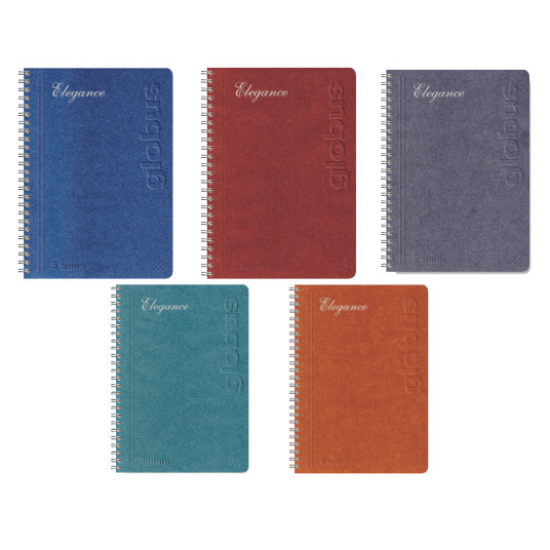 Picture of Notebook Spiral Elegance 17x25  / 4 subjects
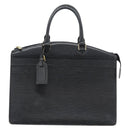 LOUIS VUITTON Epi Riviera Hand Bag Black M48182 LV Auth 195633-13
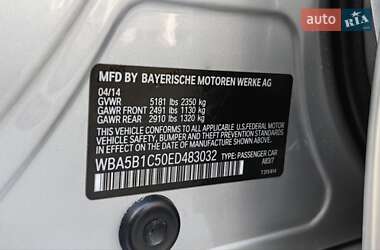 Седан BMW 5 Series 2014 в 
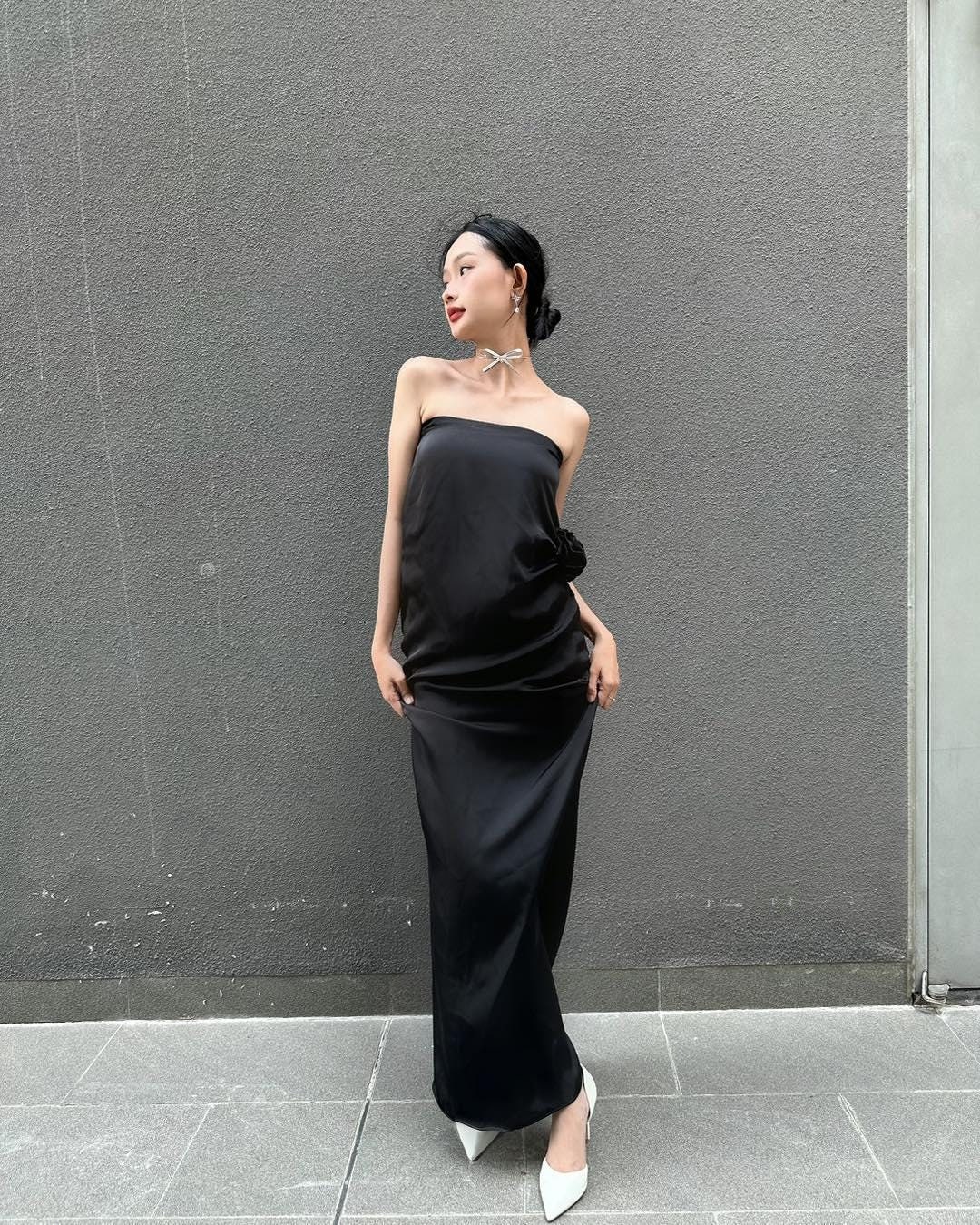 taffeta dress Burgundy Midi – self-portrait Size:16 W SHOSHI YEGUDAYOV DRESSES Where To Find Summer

-------------------------

## ACTIVITY
Return the complete material exactly as it appears, without images.

## EXPECTED ANSWER
 Picture of Notebook Spiral Elegance 17x25  / 4 subjects
 LOUIS VUITTON Epi Riviera Hand Bag Black M48182 LV Auth 195633-13
 Седан BMW 5 Series 2014 в 
 taffeta dress Burgundy Midi – self-portrait Size:16 W SHOSHI YEGUDAYOV DRESSES Where To Find Summer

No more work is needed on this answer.